Phelps counted the cost of leaving his potentially lucrative printing business. He realized he had nothing to show financially for his first thirty-nine years of life. He discussed solemnly with Sally and the children about their next move–to Ohio to join the Latter-day Saints. A father’s decision was law among religious people in that day, so they all prepared to go to Ohio together. The family gathered its belongings, meager as they were at that point. On 9 June they left Canandaigua and by evening had boarded a canal boat on the Erie Canal bound for Buffalo on Lake Erie. They then sailed by schooner to Fairport, Ohio, and thence via the “Ohio Trail” to Kirtland, twelve miles away, where they heard Joseph Smith was living. No doubt they had mixed feelings–sorrow for their present plight, but hope in Christ for choosing to follow him and his Church with their whole heart.
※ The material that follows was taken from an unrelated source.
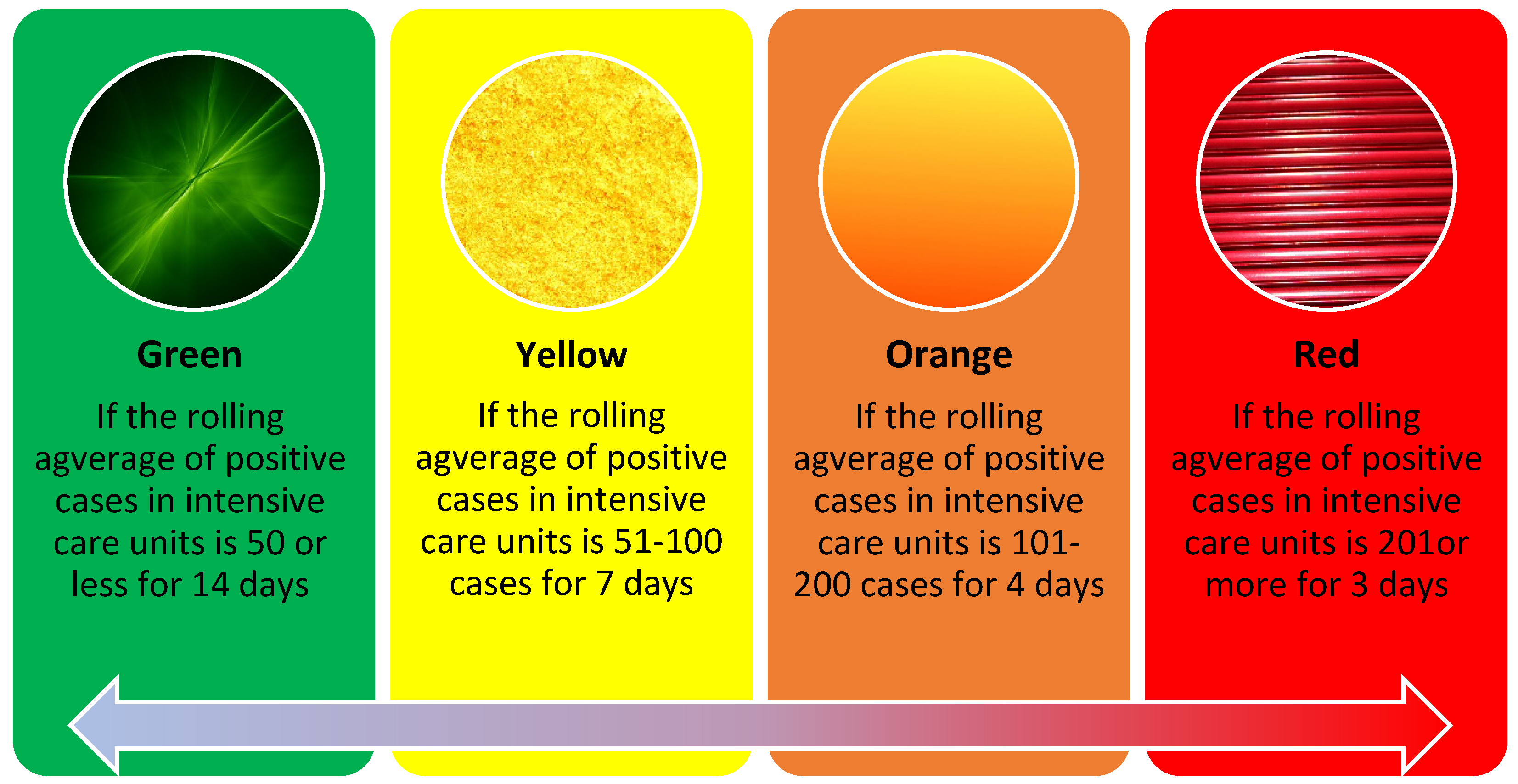 Sustainability 14 06010 g001 550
The Phelpses arrived in Kirtland on 14 June 1831. William sought out the young twenty-five-year-old Prophet where he was then residing at the Isaac Morley farm on the northeast fringe of Kirtland. He announced he was willing “to do the will of the Lord.” Phelps asked Joseph to seek the Lord’s will for him. He knew that other men had asked Joseph Smith the same and been rewarded with revelations addressed to them. The revelation (D&C 55) directed to Phelps was indeed solemn. It began, “Behold, thus saith the Lord unto you, my servant William, yea, even the Lord of the whole earth, thou art called and chosen.” The Lord promised Phelps that after he was baptized he would receive a remission of his sins and then the Holy Spirit by the laying on of hands.
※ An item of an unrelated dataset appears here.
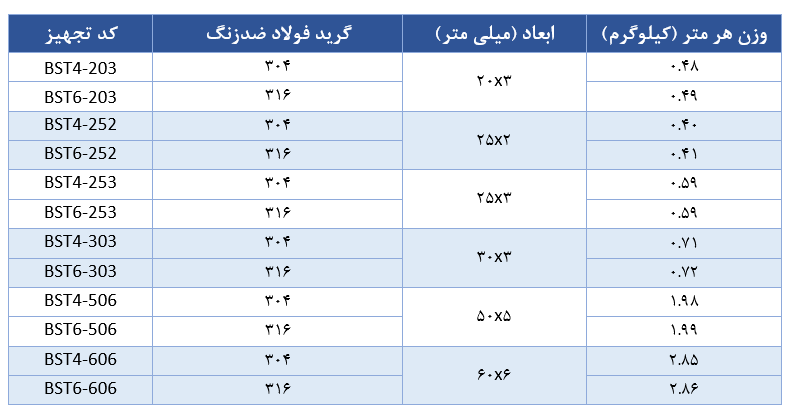 جدول مشخصات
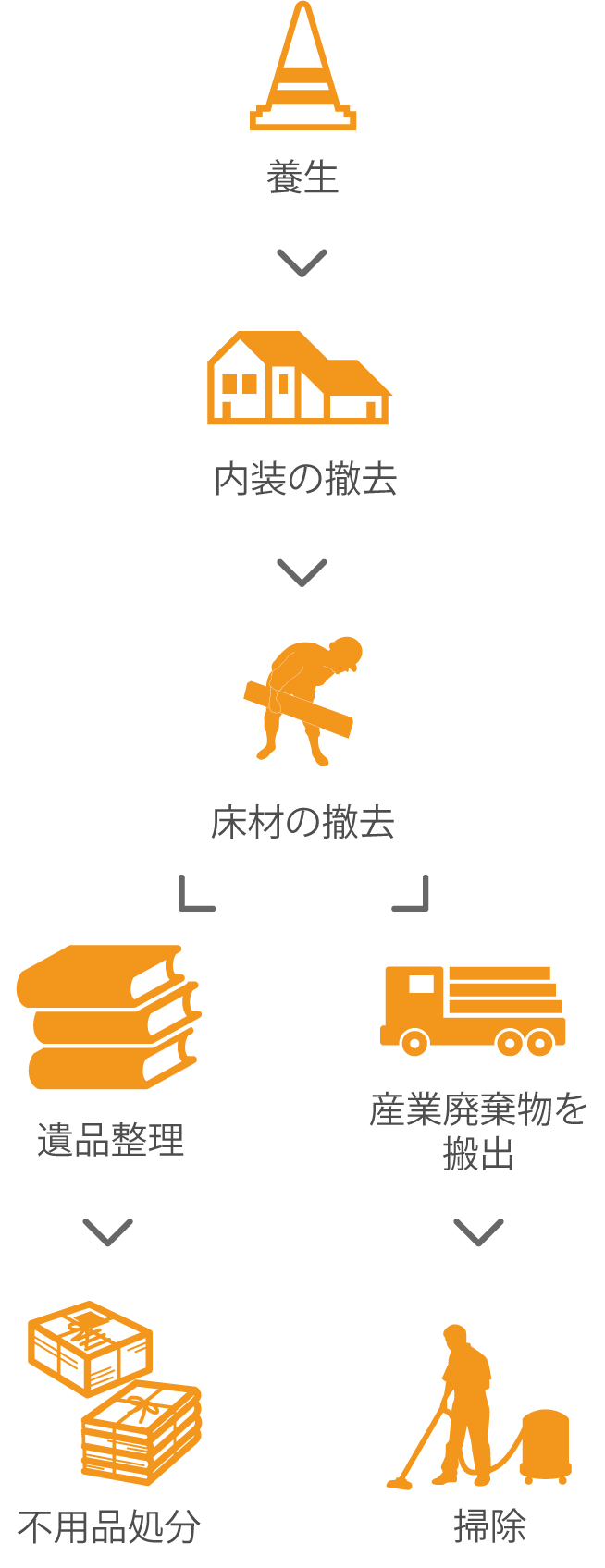 手作業解体工程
Phelps was then told he would be ordained immediately an elder by Joseph Smith so that he could preach repentance and baptism. This was a rare procedure in the infant Mormon Church–to ordain a new convert so soon to be an elder. Joseph knew Phelps already, of course, and knew his struggles and preparation. He also knew that Phelps was a prominent man in society and had many talents. He could be put to use right away such as with the journey planned for Missouri later in the week. The revelation continued: “Verily I say unto you, for this cause you shall take your journey [to Missouri] with my servants Joseph Smith, Jun., and Sidney Rigdon, that you may be planted in the land of your inheritance [in the land of Zion] to do this work.” The “work” referred to here was William’s assignment to assist Oliver Cowdery, the second elder of the Church, in doing the “work of printing” and in “selecting and writing books for schools in this church.” The revelation added that little children should “receive instruction before me as is pleasing unto me.”
These special callings to Phelps would mean yet more sacrifice for his family. They would have to stay behind in Kirtland and be cared for by the Saints while he made his long journey to Missouri.
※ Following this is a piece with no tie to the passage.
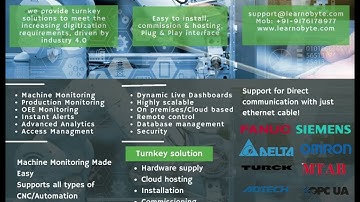 IoT application - CNC controller | MODBUS | MQTT | Node Red Dashboard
Thus was converted one of the most influential Latter-day Saints in the early days of the Church: William W. Phelps. As with countless others in those early days and throughout the history of the Restoration, the Book of Mormon was the chief factor in his conversion. Elder Phelps later related the influence of the Book of Mormon upon him. This statement also reveals how deeply Phelps had absorbed the new gospel message:
Whenever I have meditated upon the book of Mormon, and looked ahead at the glory which will be brought to pass by that, and the servants of God, I have been filled with hope; filled with light; filled with joy, and filled with satisfaction. What a wonderful volume! what a glorious treasure! By that book I learned the right way to God; by that book I found the new covenant; by that book I learned when the Lord would gather scattered Israel; by that book I saw that the Lord had set his hand the second time to gather his people, and place them in their own land; by that book I learned that the poor Indians of America were some of the remnants of Israel; by that book I learned that the new Jerusalem, even Zion was to be built upon this continent; by that book I found a key to the holy prophets; and by that book began to unfold the mysteries of God, and I was made glad.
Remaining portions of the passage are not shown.